----- Records provided -----

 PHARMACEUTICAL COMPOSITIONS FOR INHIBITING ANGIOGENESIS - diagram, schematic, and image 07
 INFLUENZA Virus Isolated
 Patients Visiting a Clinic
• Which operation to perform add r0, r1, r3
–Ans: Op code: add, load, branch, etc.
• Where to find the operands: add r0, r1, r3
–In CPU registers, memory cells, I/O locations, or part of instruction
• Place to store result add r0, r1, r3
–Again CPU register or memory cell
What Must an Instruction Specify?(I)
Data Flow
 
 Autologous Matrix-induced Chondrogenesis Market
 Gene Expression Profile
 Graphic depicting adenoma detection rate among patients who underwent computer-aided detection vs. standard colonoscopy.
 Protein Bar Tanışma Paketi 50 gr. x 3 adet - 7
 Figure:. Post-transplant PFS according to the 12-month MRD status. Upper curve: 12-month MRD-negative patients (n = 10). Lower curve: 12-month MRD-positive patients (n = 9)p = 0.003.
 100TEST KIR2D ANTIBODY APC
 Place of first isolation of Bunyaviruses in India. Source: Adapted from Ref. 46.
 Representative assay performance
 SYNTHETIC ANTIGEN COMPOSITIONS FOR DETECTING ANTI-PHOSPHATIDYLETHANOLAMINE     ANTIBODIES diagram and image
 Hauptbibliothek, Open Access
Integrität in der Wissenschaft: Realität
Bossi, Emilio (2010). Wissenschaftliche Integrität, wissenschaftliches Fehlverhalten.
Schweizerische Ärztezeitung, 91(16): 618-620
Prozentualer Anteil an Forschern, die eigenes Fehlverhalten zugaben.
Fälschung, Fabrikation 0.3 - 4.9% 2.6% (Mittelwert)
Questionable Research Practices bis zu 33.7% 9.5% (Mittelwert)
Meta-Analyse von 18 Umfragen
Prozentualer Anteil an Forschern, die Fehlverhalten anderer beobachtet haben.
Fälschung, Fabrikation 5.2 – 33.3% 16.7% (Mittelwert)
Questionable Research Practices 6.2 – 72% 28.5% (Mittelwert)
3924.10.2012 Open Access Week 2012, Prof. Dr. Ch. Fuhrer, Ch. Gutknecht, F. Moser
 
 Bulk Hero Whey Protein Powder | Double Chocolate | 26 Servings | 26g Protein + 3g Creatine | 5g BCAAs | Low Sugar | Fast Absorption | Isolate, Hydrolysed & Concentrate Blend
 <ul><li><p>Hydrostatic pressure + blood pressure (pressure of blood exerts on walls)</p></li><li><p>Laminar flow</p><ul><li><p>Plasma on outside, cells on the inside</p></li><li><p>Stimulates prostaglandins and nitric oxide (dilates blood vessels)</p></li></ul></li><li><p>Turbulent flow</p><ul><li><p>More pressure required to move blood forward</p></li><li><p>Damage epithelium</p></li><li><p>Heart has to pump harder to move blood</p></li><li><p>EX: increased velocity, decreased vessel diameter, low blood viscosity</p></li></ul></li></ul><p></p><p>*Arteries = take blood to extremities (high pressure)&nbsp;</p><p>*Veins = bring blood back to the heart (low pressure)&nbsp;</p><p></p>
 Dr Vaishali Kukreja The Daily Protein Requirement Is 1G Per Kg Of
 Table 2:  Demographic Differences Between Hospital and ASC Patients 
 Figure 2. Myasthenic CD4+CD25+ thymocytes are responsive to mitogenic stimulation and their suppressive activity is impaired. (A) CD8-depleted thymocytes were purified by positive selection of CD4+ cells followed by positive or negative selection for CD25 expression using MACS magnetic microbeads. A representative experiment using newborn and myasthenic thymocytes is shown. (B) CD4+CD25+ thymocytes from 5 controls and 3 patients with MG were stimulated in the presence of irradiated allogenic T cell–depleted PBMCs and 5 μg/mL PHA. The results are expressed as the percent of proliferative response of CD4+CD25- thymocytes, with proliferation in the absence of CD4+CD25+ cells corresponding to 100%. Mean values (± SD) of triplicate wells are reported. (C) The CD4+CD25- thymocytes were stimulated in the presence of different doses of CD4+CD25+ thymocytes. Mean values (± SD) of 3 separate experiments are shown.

-----

### How to complete this task
Reproduce exactly the entries above, limited to the lines from the one with "SYNTHETIC ANTIGEN COMPOSITIONS" through the one with "3924.10.2012 Open Access", both included.

### Output of the exercise
 SYNTHETIC ANTIGEN COMPOSITIONS FOR DETECTING ANTI-PHOSPHATIDYLETHANOLAMINE     ANTIBODIES diagram and image
 Hauptbibliothek, Open Access
Integrität in der Wissenschaft: Realität
Bossi, Emilio (2010). Wissenschaftliche Integrität, wissenschaftliches Fehlverhalten.
Schweizerische Ärztezeitung, 91(16): 618-620
Prozentualer Anteil an Forschern, die eigenes Fehlverhalten zugaben.
Fälschung, Fabrikation 0.3 - 4.9% 2.6% (Mittelwert)
Questionable Research Practices bis zu 33.7% 9.5% (Mittelwert)
Meta-Analyse von 18 Umfragen
Prozentualer Anteil an Forschern, die Fehlverhalten anderer beobachtet haben.
Fälschung, Fabrikation 5.2 – 33.3% 16.7% (Mittelwert)
Questionable Research Practices 6.2 – 72% 28.5% (Mittelwert)
3924.10.2012 Open Access Week 2012, Prof. Dr. Ch. Fuhrer, Ch. Gutknecht, F. Moser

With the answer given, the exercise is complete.